The Payday Loan Update was one of the major and also pretty much significant updates that Google initiated. Its target was various spammy queries associated with such notorious industry sectors as porn and expensive payday loans (hence the name). As a result, about 0.3% of super spammed queries were affected.
- Payday Loan Update (2013) – The first one, it was aimed at payday loan and porn industry and other sectors with heavy amounts of spammed queries. The update got huge reaction.
- Payday Loan 2.0 (2014) – Google updated the payday loan algorithm to target spammy sites.
- Payday Loan 3.0 (2014) – Came out less than 30 days after the previous one, this Google anti-spam algorithm update actually had all the spammy queries targeted.
Thus, in the result both spammy queries and spammy sites were affected by the Payday Loan updates.
Three Examples of Websites Affected by the Payday Loan Update (that are interesting from the SEO point of view)
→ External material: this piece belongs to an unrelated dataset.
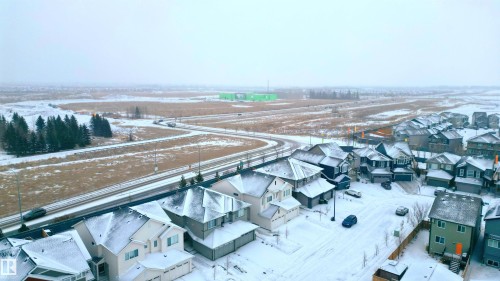 Snowy aerial view featuring a residential view - 1964 Kroetsch Crescent, Edmonton, AB - Outdoor With View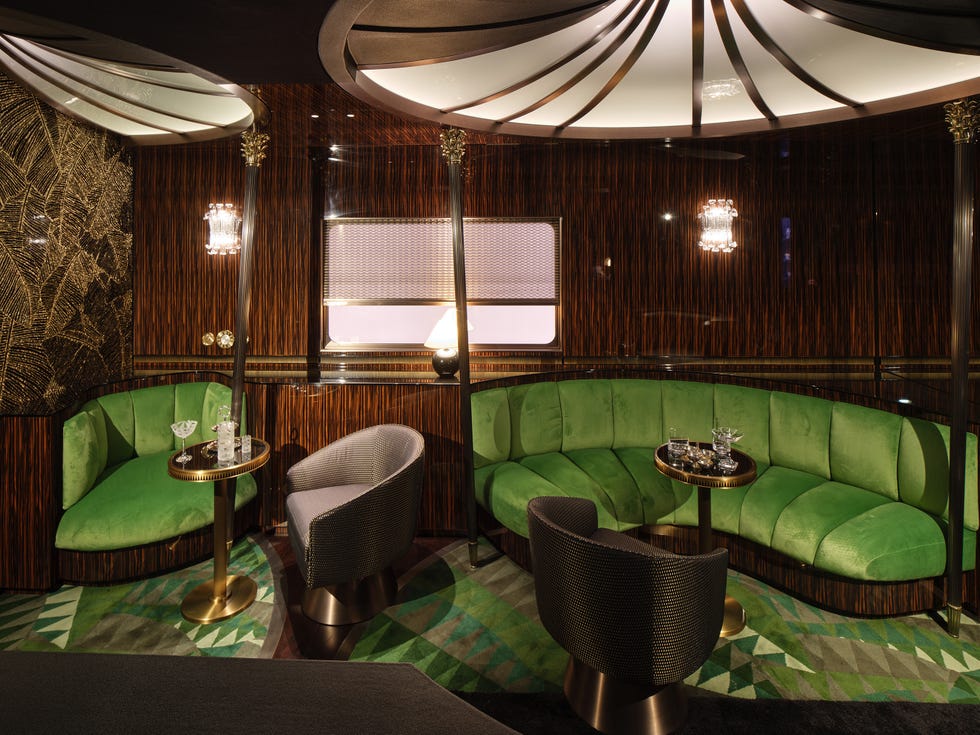 Sophisticated lounge area featuring green seating and elegant decor.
There are many case studies of the sort, here are just three to start with. Their examples are quite informative; and they also provide us with better understanding of how Google updates generally work (how to fall into disfavor, how to recover, or not to lose your search engine position in the first place) and what useful lessons can be drawn from such experience (especially for the industry players.)
Link Research Tools case study by Bartosz Góralewicz concerns the British website Cashlady, and it is a very interesting text that deals with spammy links and Google manual penalty as well as possible ways to lift it.
TrenchWorthy case study by Josh Sturgeon offers all types of examples: paid backlinks, guest (sponsored) posting, even hacking as a way of getting a new link. It also focuses on blog comments which are spammy but still capable of making it through the Google’s filter. It is an interesting case study, worth reading.
Moz case study by Steven Macdonald concerns the British website Peachy.co.uk and describes how it ended up with an 81% organic traffic loss after Google Payday Loan Update. It might be interesting to see how one website managed to use almost all the unhealthy linking techniques in order to get good rankings and search engine position. They had to made a huge effort to recover – deal with their links as well as content and usability. The decision to shift their content focus to education is also a fascinating one (and is pretty much popular and successful technique nowadays.)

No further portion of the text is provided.